#### Directions for this task
Exact copy, no pictures: return only the lines below from the line with "New 2025 Ford Bronco Raptor image 28" up to and including the line with "DJ赤坂泰彦が愛知から6時間".

#### Records for this task
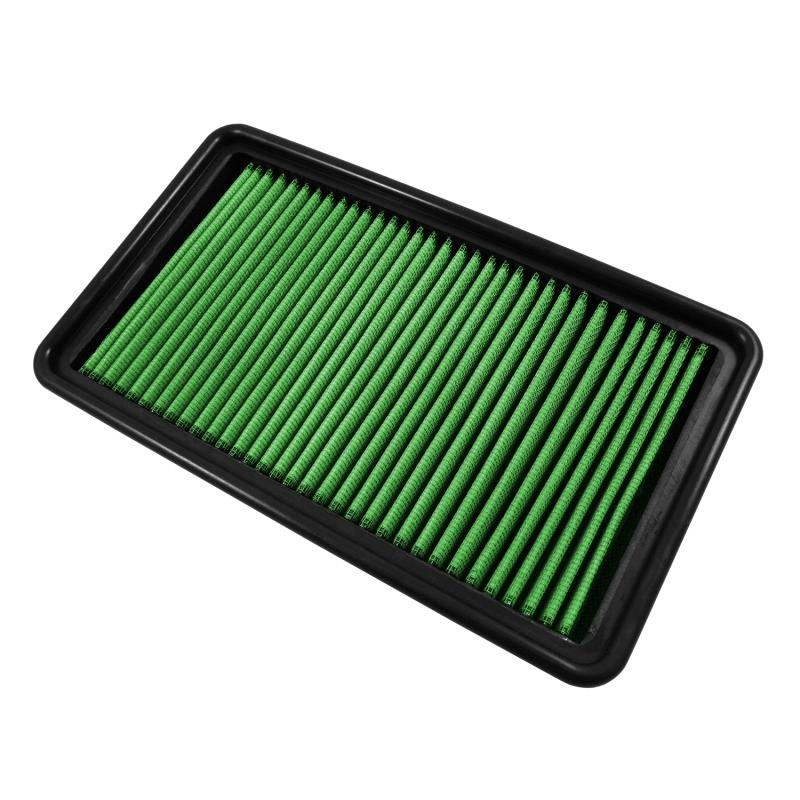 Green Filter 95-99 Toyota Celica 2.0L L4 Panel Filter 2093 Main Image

* * *

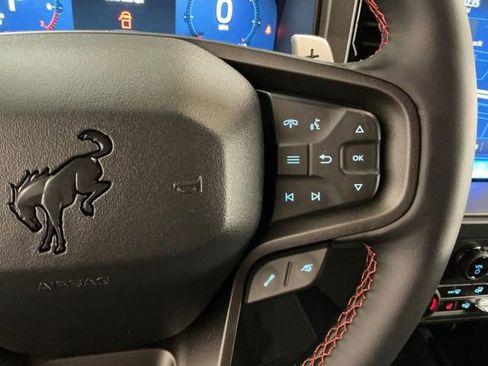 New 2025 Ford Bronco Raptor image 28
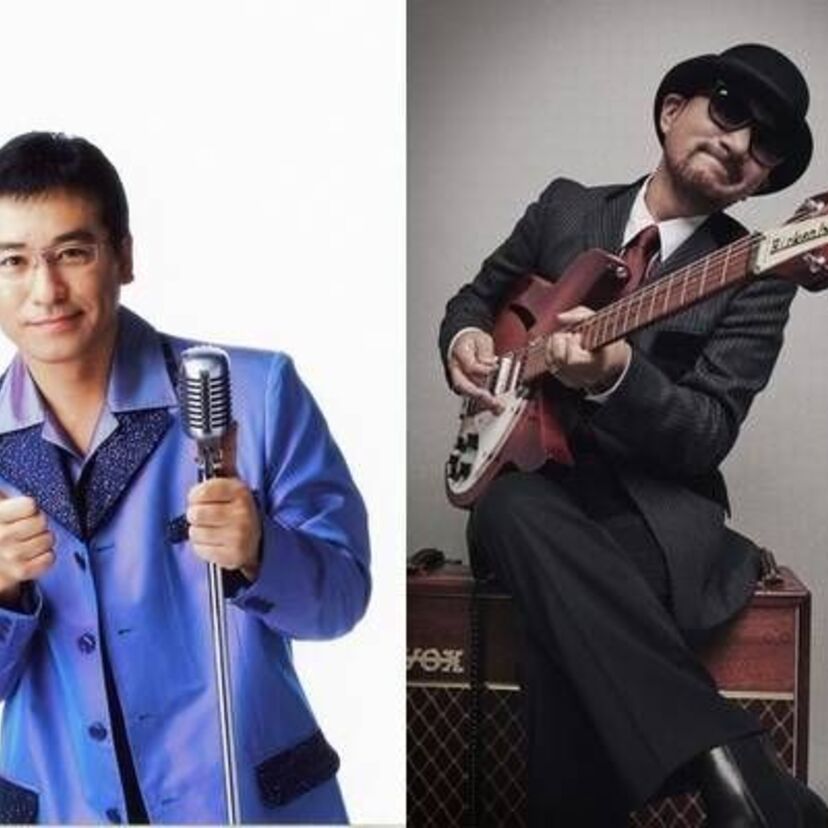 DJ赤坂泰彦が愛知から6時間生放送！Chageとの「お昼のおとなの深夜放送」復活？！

#### Result below
 New 2025 Ford Bronco Raptor image 28
 DJ赤坂泰彦が愛知から6時間生放送！Chageとの「お昼のおとなの深夜放送」復活？！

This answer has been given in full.